2009 yılında İngiltere’de hayata geçirdiği ‘Le Laitier’ (Sütçü) adlı reklam kampanyasının Türkçe dublajlı versiyonu olan bu reklam filminde, sarı renkte antika bir sütçü kamyoneti Paris sokaklarında, modern araçların arasında arzı endam ediyor. Yavaş yavaş ilerleyerek Renault servisine varıyor. Sürücüsü “Emektarı bakıma getirdim” diyerek kriko kolu gibi duran aracın anahtarını, şaşkınlık içindeki servis görevlisine bırakıyor. Hatırlamışsınızdır mutlaka…
Bu keyifli reklam filminin Renault’nun marka vaadini net olarak ortaya koyduğunu ve başarılı bulduğumu söyleyebilirim.
Üstelik antika sütçü kamyonetli bu son reklam, sadece ticari araç için değil tüm segmentlerde, “sağlamlık” ve “yenilikçilik” kavramları ile kendisini özdeşleştirmeye çalışan Renault’nun, tozlanmaya yüz tutmuş marka algısını da yeniden parlattığı kesin. Renault bir taşla birkaç kuş vurmuş gibi görünüyor.
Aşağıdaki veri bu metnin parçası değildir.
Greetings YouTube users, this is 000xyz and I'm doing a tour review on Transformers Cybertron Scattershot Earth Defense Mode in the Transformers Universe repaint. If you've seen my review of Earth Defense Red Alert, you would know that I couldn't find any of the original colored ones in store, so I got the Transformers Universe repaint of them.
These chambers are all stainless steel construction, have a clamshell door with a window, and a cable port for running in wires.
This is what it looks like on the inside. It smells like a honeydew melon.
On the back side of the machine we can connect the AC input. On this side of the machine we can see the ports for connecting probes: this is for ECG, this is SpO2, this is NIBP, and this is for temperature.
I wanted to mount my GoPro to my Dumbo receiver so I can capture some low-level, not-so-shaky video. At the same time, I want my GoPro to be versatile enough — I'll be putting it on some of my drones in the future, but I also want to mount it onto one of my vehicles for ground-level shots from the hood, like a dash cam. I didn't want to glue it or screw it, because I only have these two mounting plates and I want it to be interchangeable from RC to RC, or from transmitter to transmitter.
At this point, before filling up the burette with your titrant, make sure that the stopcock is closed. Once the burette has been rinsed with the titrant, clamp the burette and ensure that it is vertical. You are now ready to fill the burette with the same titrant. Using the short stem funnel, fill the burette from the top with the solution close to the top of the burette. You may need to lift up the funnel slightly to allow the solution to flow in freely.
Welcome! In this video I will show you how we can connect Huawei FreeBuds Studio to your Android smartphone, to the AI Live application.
Henry Ford’un “Bütün otomobiller siyah olmalıdır” yaklaşımının üzerinden 100 yıl geçti. Seri üretilen ilk otomobil modeli olan “Ford T” efsanesindeki tüm otomobiller bu yüzden siyahtı. Ancak Henry Ford’un bu yaklaşımı ortaya attığı yıllarda otomotiv sektöründe kıyasıya rekabet yaşanmıyordu.
Bugün ise otomotiv endüstrisi yoğun bir rekabet ortamında iş yapıyor. Geçmişte 8-10 yılda bir model yenilenirken, günümüzde bu süre 2-3 yıla kadar düştü.
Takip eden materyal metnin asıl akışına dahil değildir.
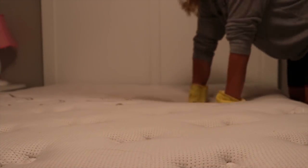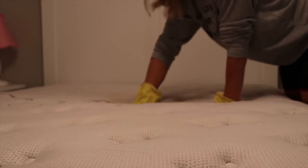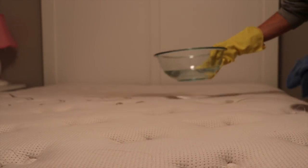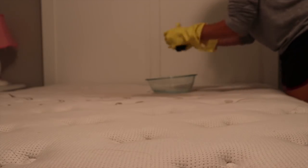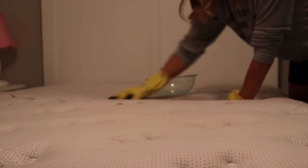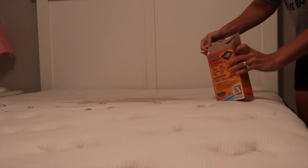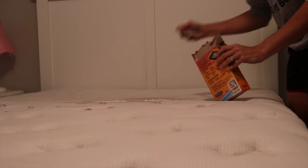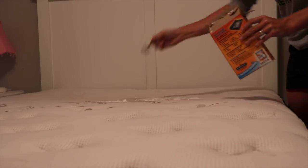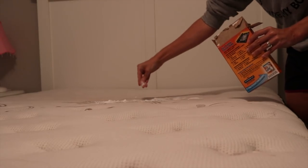The next hack is for when you have a spill or an accident in the bed. First you're going to want to take a dry towel and get up as much of the moisture as possible. Then you're going to take a bowl that is half hot water and half vinegar, soak a new rag in the vinegar solution, and just rub it all over the spot that needs to be treated. Next, take baking soda and sprinkle it all over the area — this will help soak up all the moisture — and let it sit for about eight hours.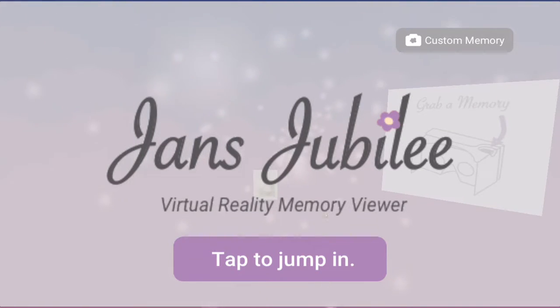This is a quick walkthrough of Jan's Jubilee, a virtual reality memory viewer that I made for my grandma, Janice McCasland, for her 75th Diamond Jubilee birthday party.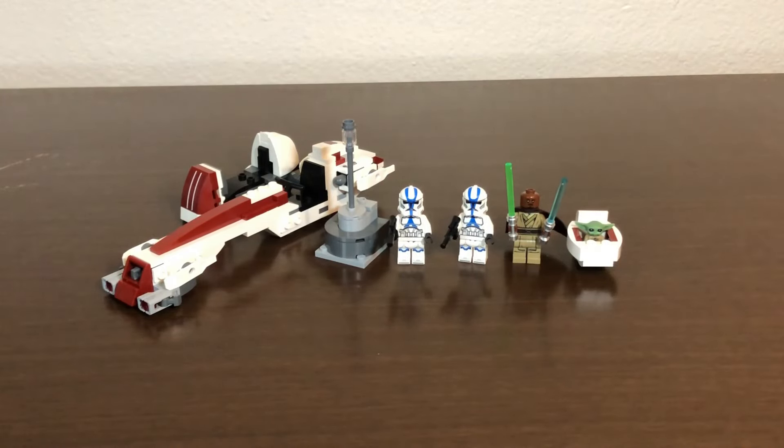The build is done — that took about 20 to 25 minutes give or take, so nothing too crazy. It was a bit of a fun build. Let's go ahead and jump into my review on this set, starting with the figures.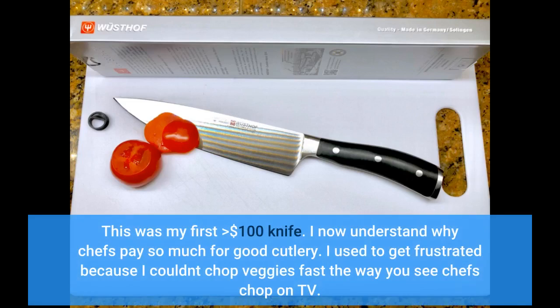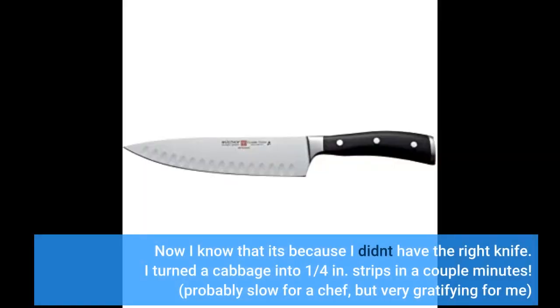This was my first greater than $100 knife. I now understand why chefs pay so much for good cutlery. I used to get frustrated because I couldn't chop veggies fast the way you see chefs chop on TV. Now I know that it's because I didn't have the right knife. I turned a cabbage into one quarter of an inch strips in a couple minutes — probably slow for a chef, but very gratifying for me.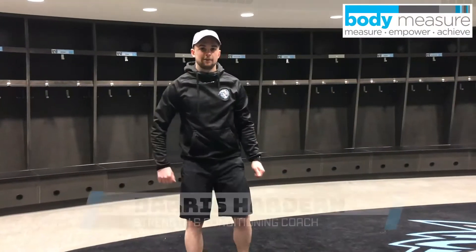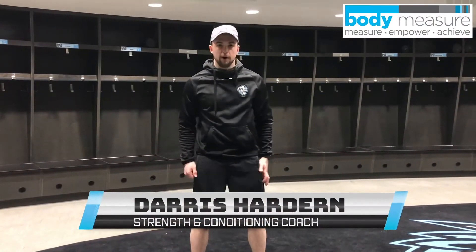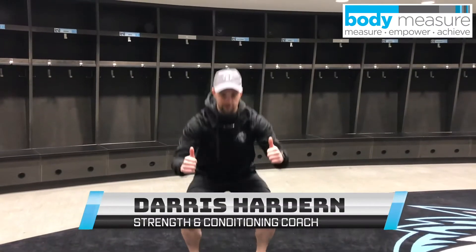Hi guys, Derek Turner here from the Winnipeg Ice. For today's workout, we're going to do 20 air squats. So we're here, feet shoulders apart, sitting down — 20 of these.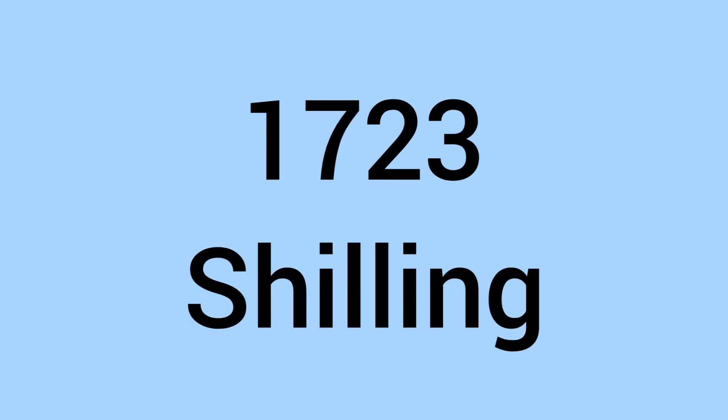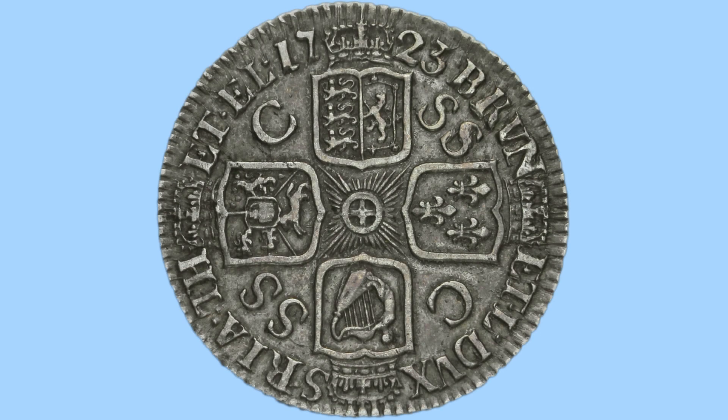Hello and welcome back to Bits and Bobs. Today's video is all about the 1723 shilling from the reign of King George I, the coin we can see on screen now. I'll first go through the design, starting with the reverse, and then move on to the facts and figures.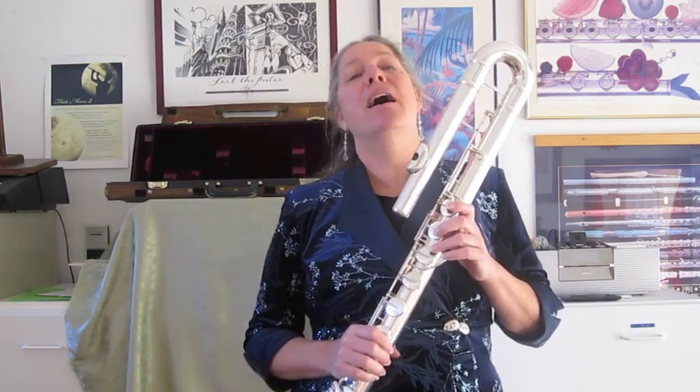Hi, this is Chris Potter. On this video, I'm going to talk about breathing and about the brands I recommend.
Günümüzde irili ufaklı yaklaşık 5 bin parçanın bir araya getirilmesinden oluşan bir otomobil, robot teknolojisi sayesinde yaklaşık 20 dakikada üretilmekte.
Otomotiv sanayi, sanayileşmiş pek çok ülkede ekonominin lokomotifi kabul edilir. Ülkemizde de bu böyle. Çünkü diğer sektörleri besleyen yapısı ile otomotiv sanayii, demir-çelik, petro-kimya, makine ve lastik gibi temel sanayi dallarının da başlıca alıcısı ve bu sektörlerdeki teknolojik gelişmelerin de sürükleyicisidir.
Bugünlerde otomobiller, teknolojileri ve fonksiyonel özellikleri bakımından neredeyse bir birinin aynıdır. Sadece görünüşleri ve taşıdıkları arma onları ayrıştırır. Hal böyle olunca müşteriler ve talepleri, işin en can alıcı kısmıdır. Çünkü müşteri sadece fonksiyonel beklentilerde bulunmaz. Satın aldığı otomobilin kullanıcısına kattığı değeri de ayırt edici bir özellik olarak görür.
Pek çok toplumda otomobil sadece bir taşıma aracı değildir. Bir statü sembolüdür. Kullanıcısının sosyal sınıfını da belirleyen bir aksesuardır. Bu nedenle bir otomobilin marka vaadi ya da hedef kitlesi nezdinde yerleştirdiği algı pazardaki yerini de belirler.
Renault’nun 1 Haziran’dan itibaren ekranlarda yayınlanan ve 110. yıla vurgu yapan reklam filmi, markanın vaadini açık bir dille ortaya koyması bakımından, son yıllardaki en başarılı örneklerden biri.
Ama unutmamakta fayda var; iyi hazırlanmış bir reklam filmi insanları sadece etkiler, zekice hazırlanmış bir reklam filmi ise hedef kitlede ilgi uyandırır, ancak tüm iletişim enstrümanlarıyla desteklenen bir reklam filmi tamamı ile satın almaya dönüşür.